Are you ready for the fun to begin now? Let’s take a walk through the brackets and see exactly why everyone is so unhappy. We will look at the North Group 1 playoffs first.
(8) Pompton Lakes (4-4) @ (1) Butler (7-1) – Fri., Nov. 2, 7:00 pm
(7) Cresskill (5-3) @ (2) Park Ridge (7-1)– Fri., Nov. 2, 7:00 pm
(6) Emerson (6-2) @ (3) Boonton (6-2)– Fri., Nov. 2, 7:00 pm
(5) Wallkill Valley (8-1) @ (4) New Milford (6-2)– Fri., Nov. 2, 7:00 pm
(8) Bound Brook (6-2) @ (1) Shabazz (7-1) – Fri., Nov. 2, 7:00 pm
(7) New Providence (8-0) @ (2) Hasbrouck Heights (8-0) – Fri., Nov. 2, 7:00 pm
(6) Hoboken (4-4) @ (3) Weequahic (8-0) – Fri., Nov. 2, 7:00 pm
(5) Newark West Side (5-4) @ (4) Cedar Grove (5-3) – Fri., Nov. 2, 7:00 pm
When Pompton Lakes upset Waldwick/Midland Park on Saturday afternoon, they wound up in a tie with Brearley (5-3), who lost at Dunellen (5-3) setting off a chain of events that saw:
- Brearley finish in a tie with Pompton Lakes in UPR, with Pompton Lakes getting the nod due to a higher BPI.
- Dunellen finish 18th overall (out of the playoffs)
- Hasbrouck Heights pushed from the #1 seed in North 1, Group 1 to the second seed in North 2, Group 1, due to the Northing number. (Hasbrouck Heights is not as North as eight other teams in the bracket, and was moved to North 2.)
New Providence, despite an 8-0 record, was ranked as the seven team in the region, solely based on their records the previous two seasons, when they went 1-9, driving down their BPI.
The 1 through 3 teams in Power Points, BPI and UPR were sent to the North 2 bracket.

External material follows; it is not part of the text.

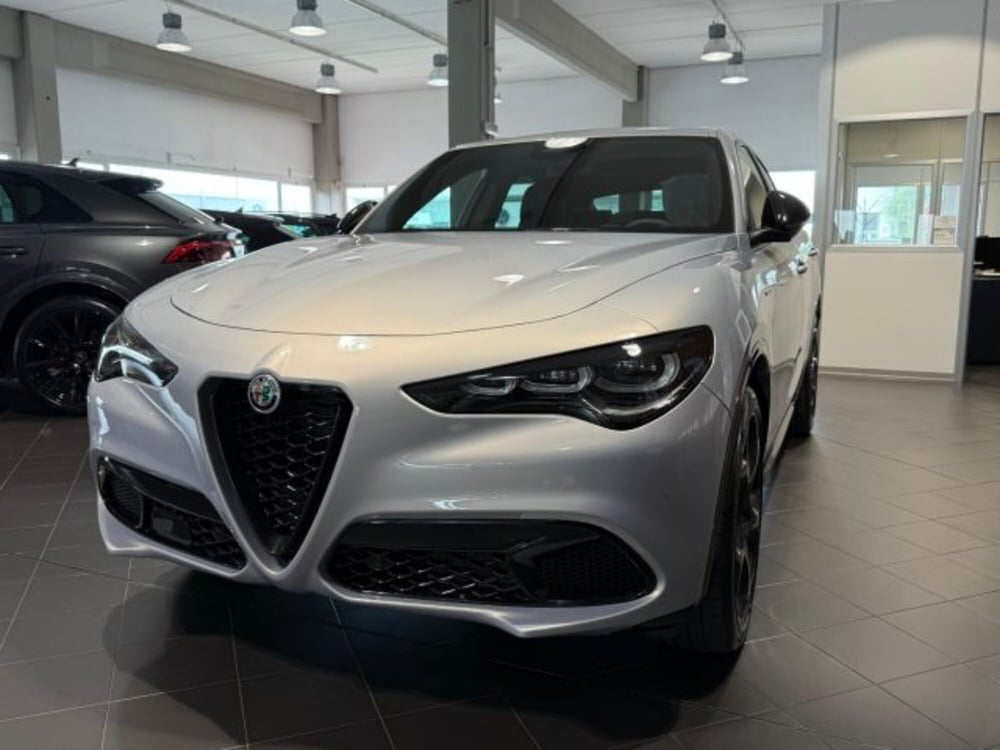 Alfa Romeo Stelvio nuova a Bologna (3)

New Providence was seventh in the Power Points, but 17th in BPI, still being punished for last season.
This is the group that was the most normal of all the seedings.

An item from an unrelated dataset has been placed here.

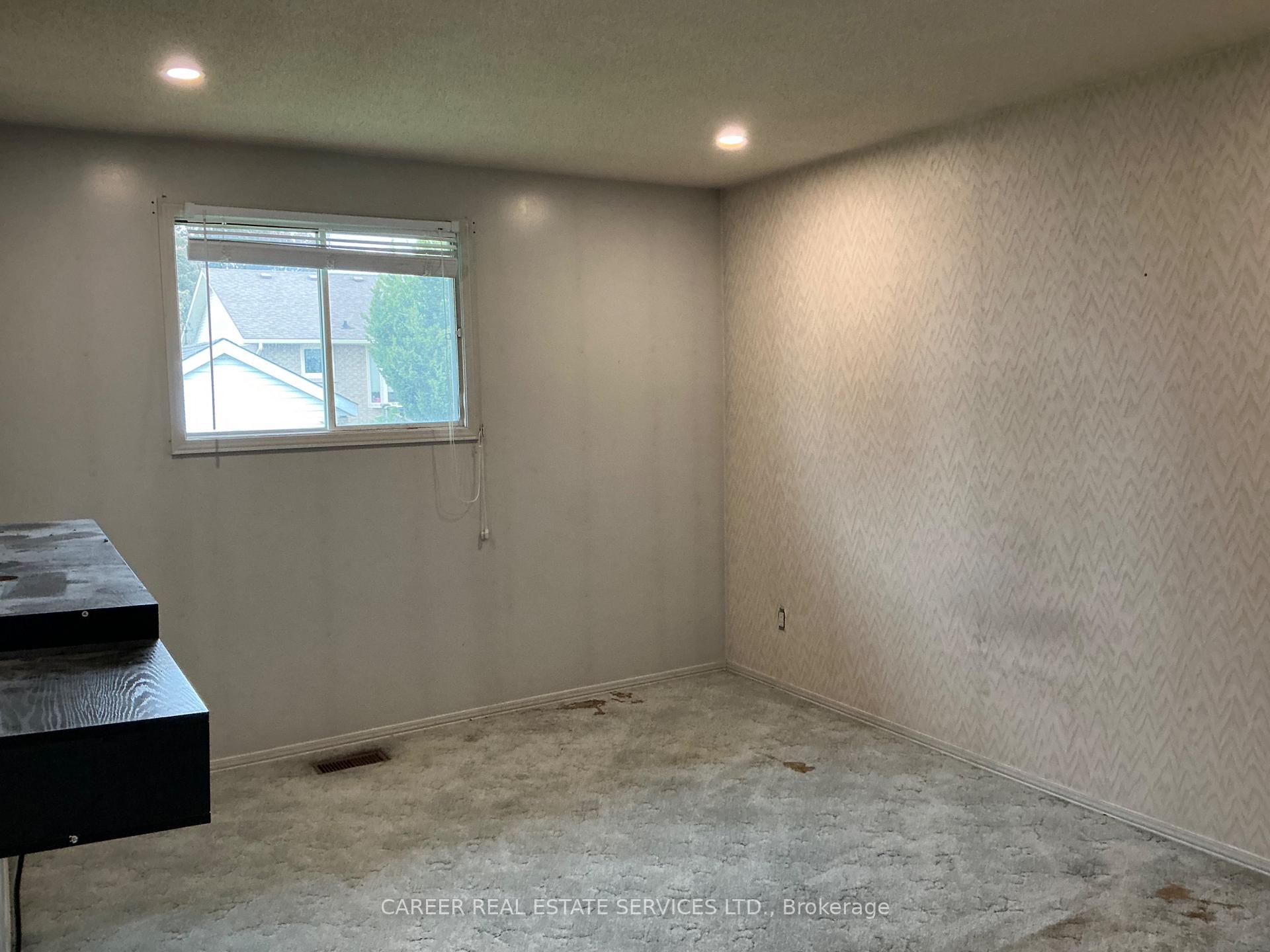 Photo 13 of 864 Sundance Circle, Oshawa, Northglen — HOMEH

Group 2 in the North has a 6-3 Sussex Tech team ranked 19th, while four win teams Hanover Park, Waldwick, Dumont and Newark Central are ranked above them.
Group 3 has a 3-5 Pascack Valley team seeded 12th, but no one with a stellar record is left out.
Group 4 Orange is at 6-3 is homer while Northern Highland, Morris Knolls, and Passaic Valley are in with four wins. North Hunterdon, at 3-5 took the final spot in the bracket.
Group 5 is reserved for the big schools, and bigger blunders. Bayonne, at 6-3, doesn’t get in but Westfield (12th in UPR), Bridgewater-Raritan (13th) and Passaic County Tech (15th) all made it to the playoffs sporting 2-6 records. West Orange (3-6) also makes it despite being under .500
But the worst offense of the entire process comes from South Jersey, where a 7-1 Delran squad missed the cut, while a 4-4 Cedar Creek team was ranked 6th in the South, and drew a 5 vs 4 game, on the road, in the opening round.
Glad everyone had “trust” in the process.
If you don’t like a process that doesn’t assign your section before the season for football, but does in every other sport; that uses a secretive formula that gives you credit/punishes you for prior years results, and uses a point spread formula to determine whether or not you make the state playoffs, write the NJSIAA and let them know.